For all out there using GC, are you aware of the adverse effects with the does used for AF? Thus far, no one has come forward with evidence for GC use in this fictitious disorder. I said I would get to the adverse effects, so here is a small introduction. There is more to come and it ain't good.
The consensus is for GC (HC) doses up to 40 mg, but typically 20-30mg daily. And this is for a long time in many. I will ask again, has your prescribing doctor bothered to obtain a bone mineral density (DXA) baseline? If you have not obtained a DXA scan, your doctor does not give a damn about you except for making money! Think About It.
Peacey SR, Guo CY, Robinson AM, et al.
Glucocorticoid replacement therapy: are patients over treated and does it matter? Clin Endocrinol (Oxf) 1997;46(3):255-61.
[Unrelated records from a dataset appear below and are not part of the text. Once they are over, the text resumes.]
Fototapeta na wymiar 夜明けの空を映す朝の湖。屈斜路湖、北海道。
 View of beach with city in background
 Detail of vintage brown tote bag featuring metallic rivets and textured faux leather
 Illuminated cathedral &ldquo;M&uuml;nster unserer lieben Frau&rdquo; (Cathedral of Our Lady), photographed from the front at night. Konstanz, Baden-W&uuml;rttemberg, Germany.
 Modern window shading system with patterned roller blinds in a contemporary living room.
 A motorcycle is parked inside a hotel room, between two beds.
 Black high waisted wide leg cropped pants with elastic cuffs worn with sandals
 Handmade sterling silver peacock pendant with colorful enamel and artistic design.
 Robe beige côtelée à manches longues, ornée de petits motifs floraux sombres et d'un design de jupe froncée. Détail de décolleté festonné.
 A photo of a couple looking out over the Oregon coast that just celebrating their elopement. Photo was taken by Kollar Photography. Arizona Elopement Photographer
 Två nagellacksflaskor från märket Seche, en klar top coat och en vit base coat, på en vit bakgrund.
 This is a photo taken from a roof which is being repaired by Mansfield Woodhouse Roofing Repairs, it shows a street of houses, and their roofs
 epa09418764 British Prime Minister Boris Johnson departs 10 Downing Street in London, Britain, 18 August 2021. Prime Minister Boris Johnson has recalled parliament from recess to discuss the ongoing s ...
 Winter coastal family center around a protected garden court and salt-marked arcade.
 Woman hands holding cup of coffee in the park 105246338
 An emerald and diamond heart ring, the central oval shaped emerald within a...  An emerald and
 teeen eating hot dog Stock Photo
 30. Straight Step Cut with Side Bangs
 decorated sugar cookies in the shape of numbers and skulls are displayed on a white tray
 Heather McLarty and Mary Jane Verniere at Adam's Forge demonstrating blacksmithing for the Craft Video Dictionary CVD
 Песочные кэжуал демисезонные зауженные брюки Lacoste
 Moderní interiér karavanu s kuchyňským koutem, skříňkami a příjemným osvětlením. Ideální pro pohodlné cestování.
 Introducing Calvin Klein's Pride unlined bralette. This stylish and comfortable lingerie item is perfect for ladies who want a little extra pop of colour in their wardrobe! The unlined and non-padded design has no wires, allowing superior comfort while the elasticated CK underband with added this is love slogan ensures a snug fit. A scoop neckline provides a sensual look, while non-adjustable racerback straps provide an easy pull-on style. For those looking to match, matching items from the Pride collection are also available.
BACKGROUND AND OBJECTIVES: Adequate assessment of patients on glucocorticoid replacement therapy is of great importance to avoid the consequences of under or over treatment, but no simple test is available for this. The aims of this study were (1) to assess adequacy of glucocorticoid replacement in hypoadrenal patients, (2) to correlate serum cortisol levels (cortisol day curve) with 24-hour urine free cortisol excretion and (3) to assess the impact of glucocorticoid dose optimization on markers of bone formation and bone resorption.
DESIGN: Cross-sectional study of current replacement therapy and a prospective study of the effect of dose alteration on bone turnover markers.
PATIENTS: Thirty-two consecutive patients on replacement glucocorticoid therapy (12 Addison's disease, 20 hypopituitarism) from a University teaching hospital out-patient department.
MEASUREMENTS: Serum and urinary cortisol, osteocalcin, N-telopeptide of type I collagen (NTX) and bone mineral density.
RESULTS: 28/32 (88%) patients required a change of therapy; 24/32 (75%) a total reduction in dose, 18/32 (56%) a change in replacement therapy regimen or drug and 14/32 (44%) both changes.
The mean daily dose of hydrocortisone was reduced from 29.5 +/- 1.2 to 20.8 +/- 1.0 mg. A significant correlation was found between peak cortisol and 24-hour urine free cortisol/ creatinine (Spearman correlation r = 0.60, P < 0.0001; n = 51). Following hydrocortisone dose reduction, median osteocalcin increased from 16.7 micrograms/l (range 8.2-65.7) to 19.9 micrograms/l (8.2-56.3); P < 0.01, with no change in the NTX/creatinine ratio.
CONCLUSIONS: A high proportion of patients on conventional corticosteroid replacement therapy are over treated or on inappropriate replacement regimens. To reduce the long term risk of osteoporosis, corticosteroid replacement therapy should be individually assessed and over replacement avoided.
Lovas K, Gjesdal CG, Christensen M, et al.
Glucocorticoid replacement therapy and pharmacogenetics in Addison's disease: effects on bone. Eur J Endocrinol 2009;160(6):993-1002.
Context: Patients with primary adrenal insufficiency (Addison's disease) receive more glucococorticoids than the normal endogenous production, raising concern about adverse effects on bone.
Objective: To determine i) the effects of glucocorticoid replacement therapy on bone, and ii) the impact of glucocorticoid pharmacogenetics.
Design, setting and participants: A cross-sectional study of two large Addison's cohorts from Norway (n=187) and from UK and New Zealand (n=105).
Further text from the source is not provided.